Eerst een voorbeeld van een chiasme:
Beter met de pijp de sigaret uit,
Dan met de sigaret de pijp uit.
Nog een voorbeeld:
Voor wien kinderen en wijzen
Lachend laten boek en spel. (J.C.Bloem)

Het woord chiasme is afgeleid van de Griekse letter chi: die als onze X geschreven wordt.

Strofe I en II, deel 1 van het exordium kent geen ik - u relatie strofe XV ook niet. Terwijl deel 2 van het exordium en strofe XIV dat wel kennen; bovendien wijs ik u nogmaals op de parallellie.
Oranje toost en bemoedigt zijn onderdanen in zowel strofe III als XIV, verlevendigt hun vertrouwen op God, dringt bij hen aan op gebed. Ondanks deze overeenkomst naar vorm en inhoud, is er verschil. Als je beide strofen vergelijkt met elkaar, dan merk je dat de climax in het Wilhelmus doorwerkt, en met name hierdoor, dat we in strofe III op de aarde blijven en in strofe XIV naar het hemelse vaderland verwezen worden.

Strofe III:
Dat hy my cracht wil gheven
Dat ick u helpen mach.


Strofe XIV:
Tsal hier haest zijn ghedaen.


Opvallend is ook het verschil tussen Strofe I en XV. In strofe I zegt Oranje dat hij de koning van Spanje altijd geëerd heeft; in XV dat hij nooit de koning heeft veracht.

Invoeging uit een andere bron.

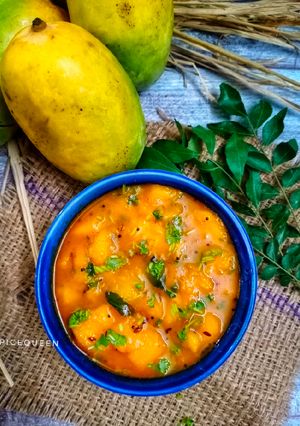 A picture of Ripe Mango Curry.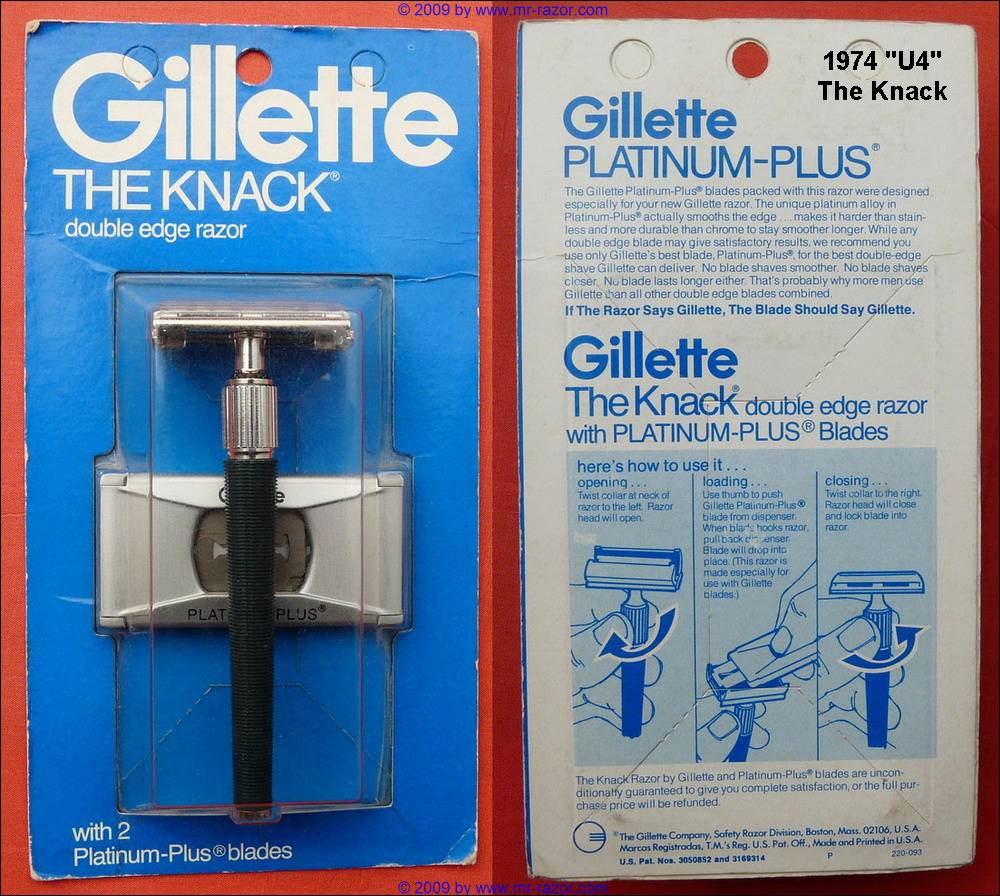 Help identify a Gillette S3 razor? | TheShaveDen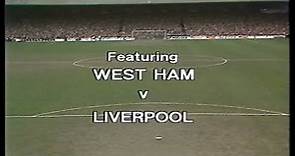 1977/78 - The Big Match (West Ham v Liverpool, Brighton v Blackpool & Cambridge v Exeter _ 29.4.78)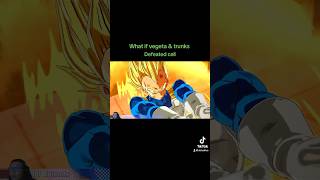 Vegeta’s well deserved win dragonballz dbz dragonballsparkingzero whatif fyp [upl. by Ahsan]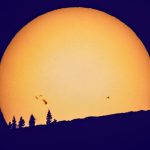 حين تقترب الشمس من الأرض أكثر في يناير حين تقترب الشمس من الأرض أكثر في يناير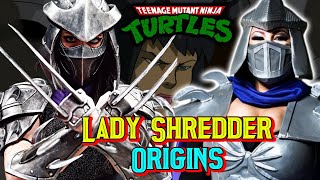 Lady Shredder Origins  A More Burtal And Ruthless Female Version Shredder Who Crossed All Limits [upl. by Friday]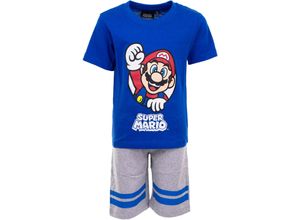 4255698274141 - shortarm Pyjamas Schlafanzug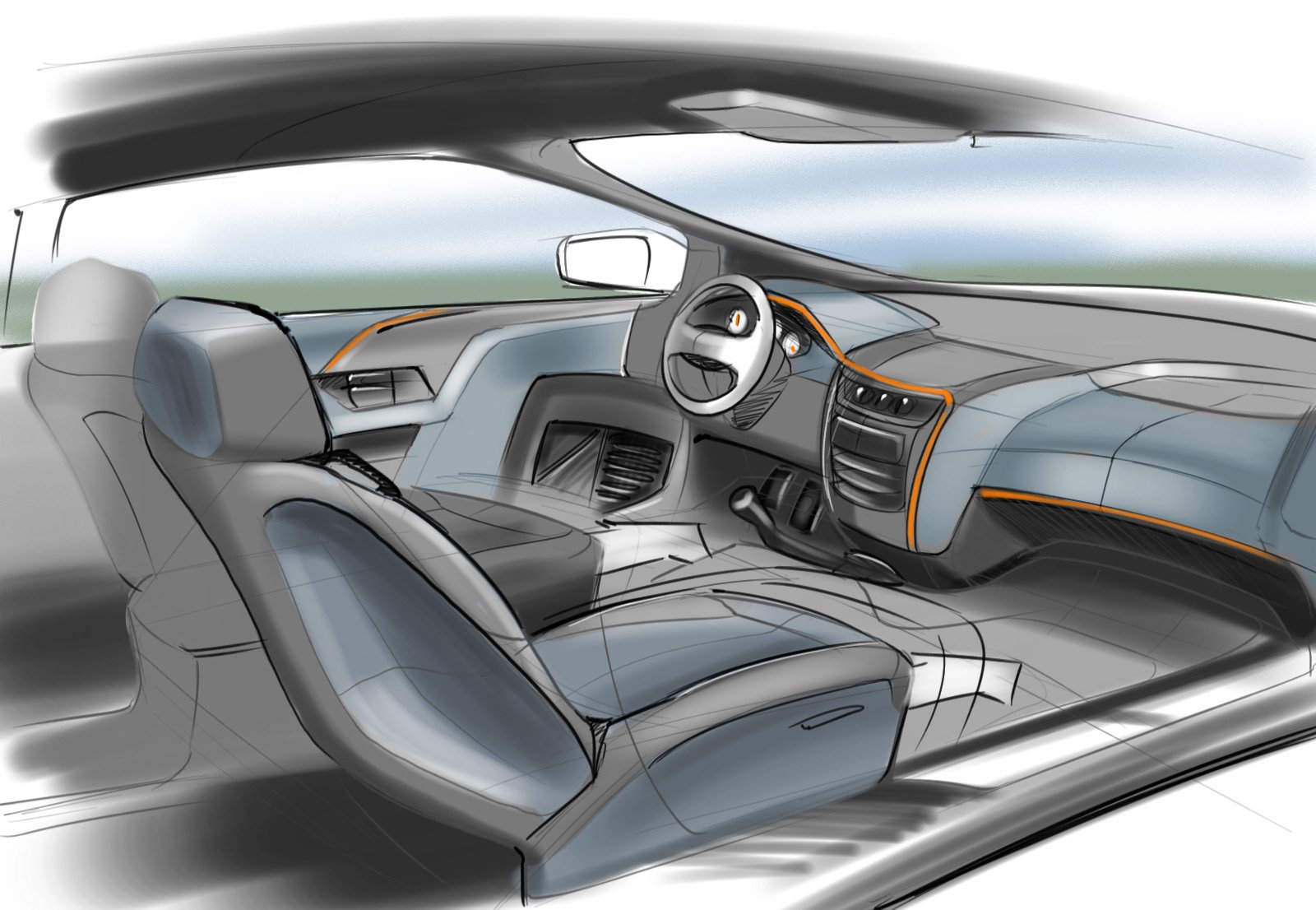 Sketch Car oferirà tots els detalls dels processos de disseny dun automòbil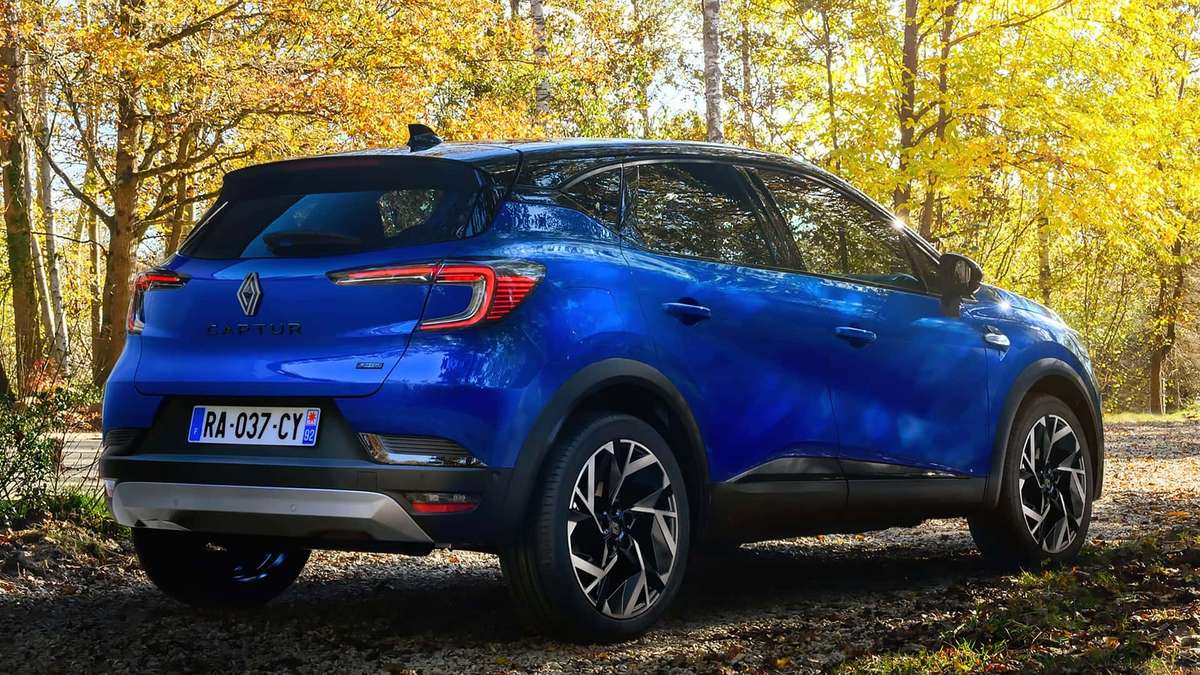سيارة رينو CAPTUR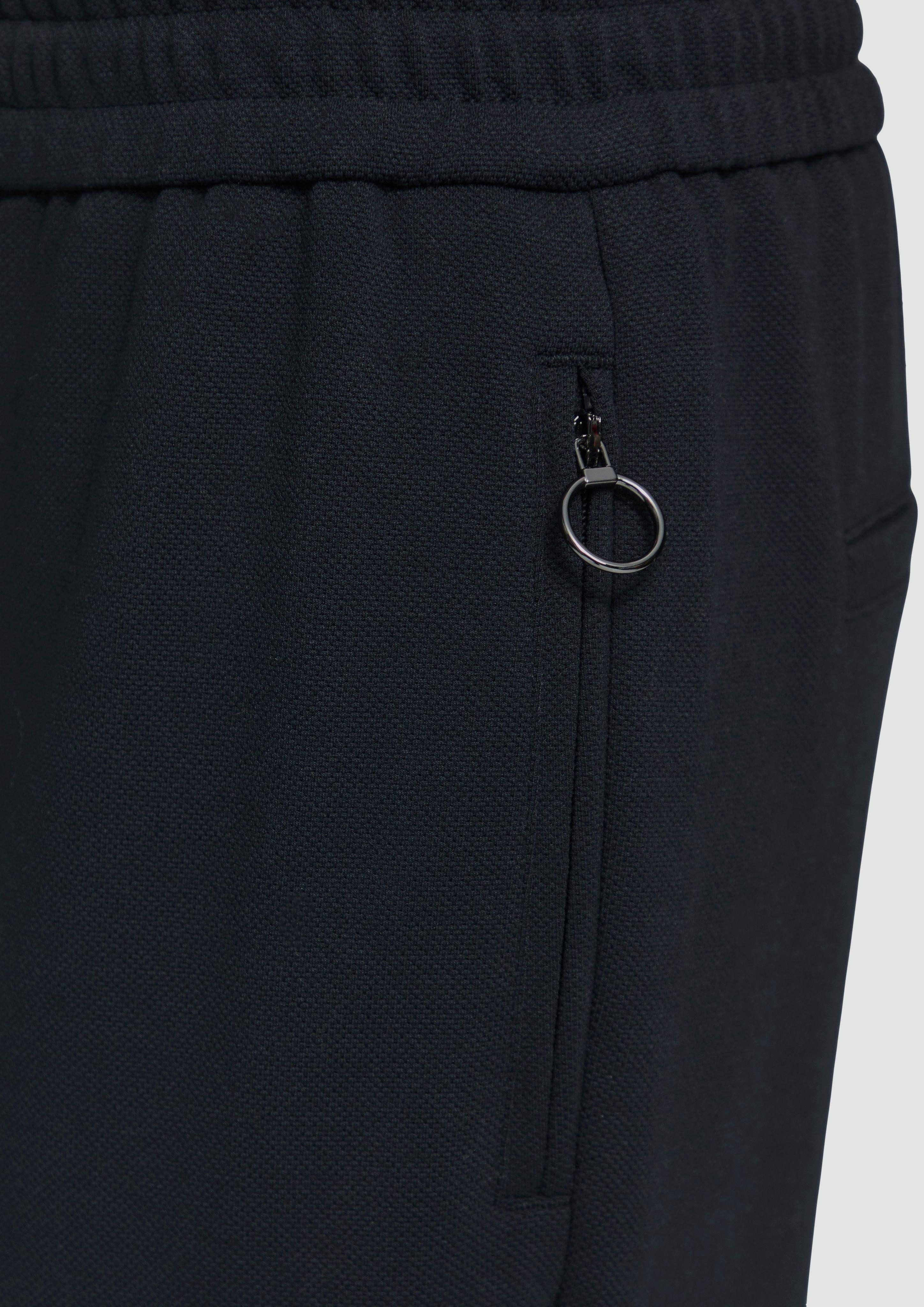 s.Oliver 7/8-Hose Jogpants aus Struktur-Jersey günstig online kaufen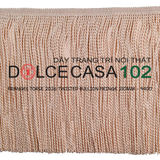  FRANGES TORSE 2026 dây viền tua xoắn Đương Đại có sẵn tại kho nhà SX 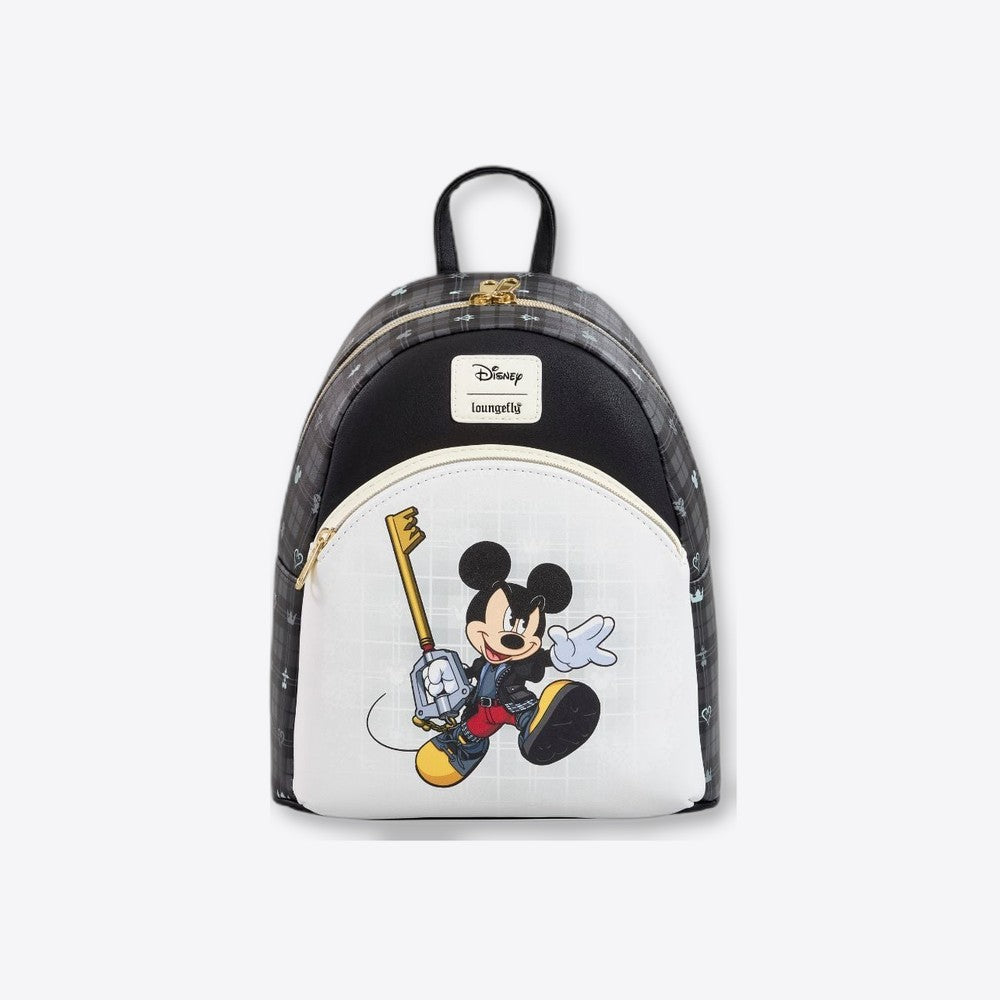 Lf | Lounfefly Mochila Kingdom Hearts Mickey Disney Loungefly 26cm (imagen 5 de 6)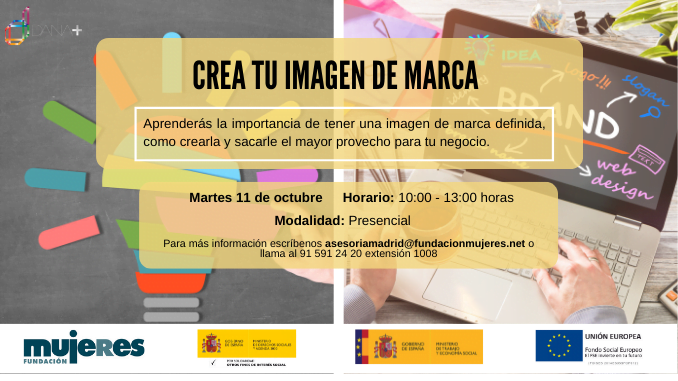 Taller: Crea tu imagen de marca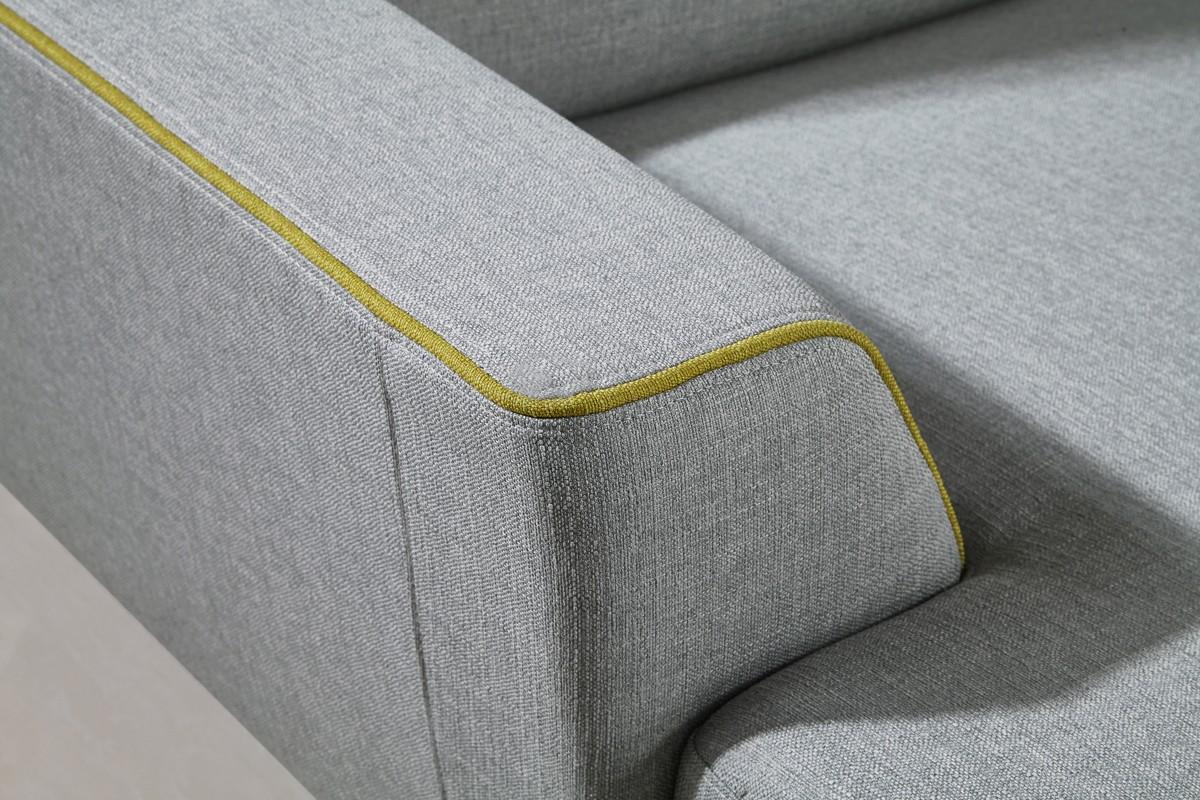 

    
VGMB-1712-GRY VIG Furniture Sectional Sofa
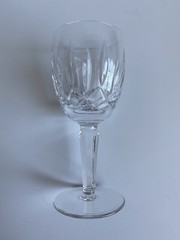 Waterford Crystal Water/Wine Goblet 7”H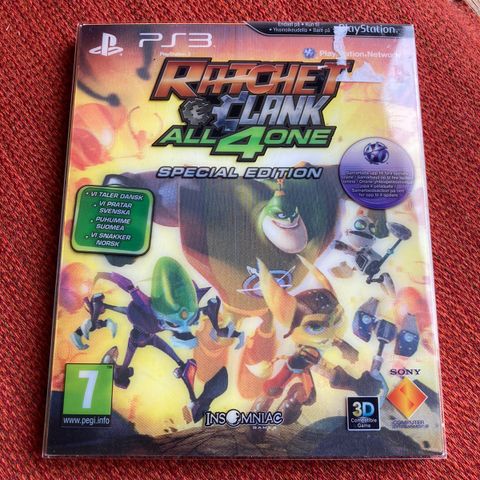 Ratchet & Clank All 4 One Special Edition - PS3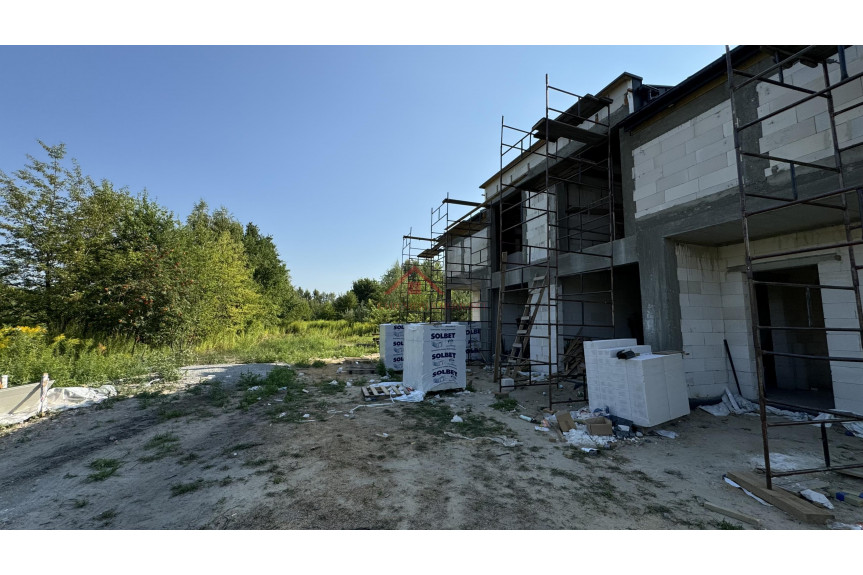 grodziski, Milanówek, Bliźniak 132m2 z działką 750m2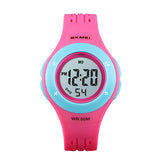 SKMEI Classic Children Digital Watch, 50M Waterproof, Main, Rose Pink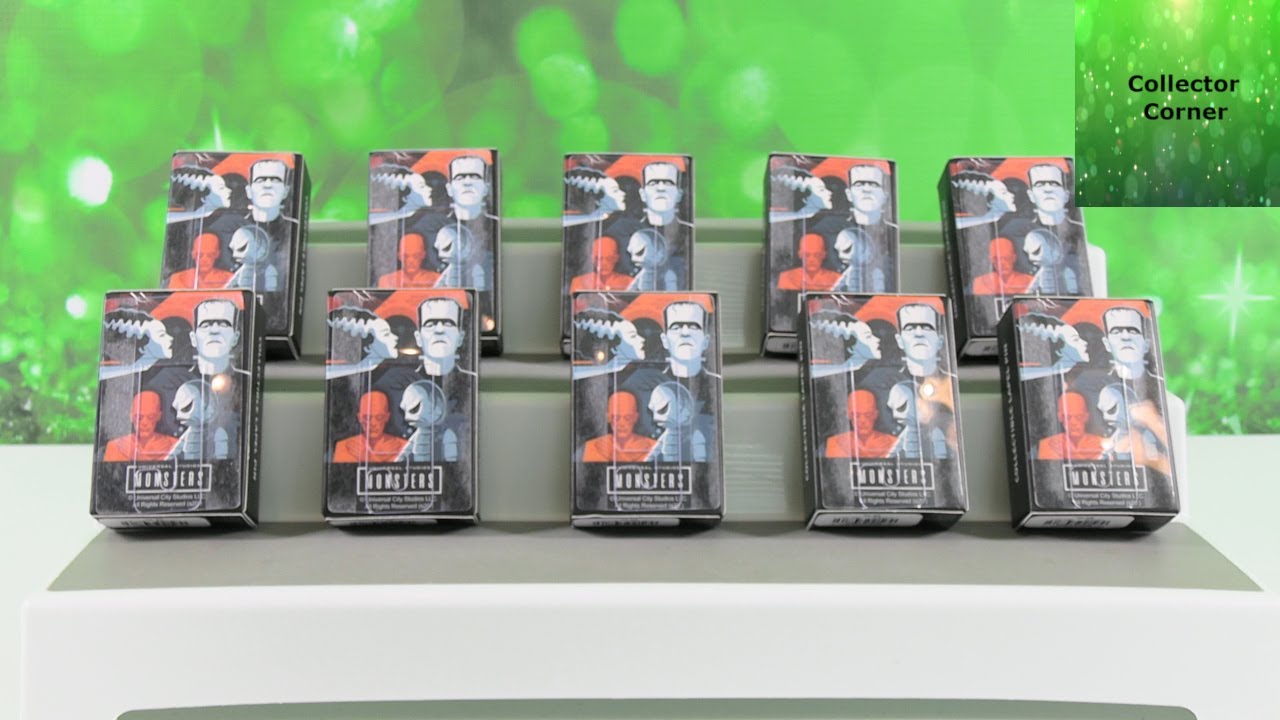 Universal Studios Monsters Collectible Mystery Pin Unboxing Review | CollectorCorner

In strofe I is er geen tegenstelling tussen de eerbied voor God en die voor de koning:


Den Coninck van Hispaengien
Heb ick altijt gheeert.
In Godes vrees te leuen
Heb ick altijt betracht.

in strofe XV is er een uitdrukkelijke tegenstelling: hij heeft de koning nooit veracht, maar (dan = maar) hij heeft God moeten gehoorzamen in der gerechtigheid.
In der gerechtigheid wil zeggen niet volgens mensenrecht maar volgens het recht van God.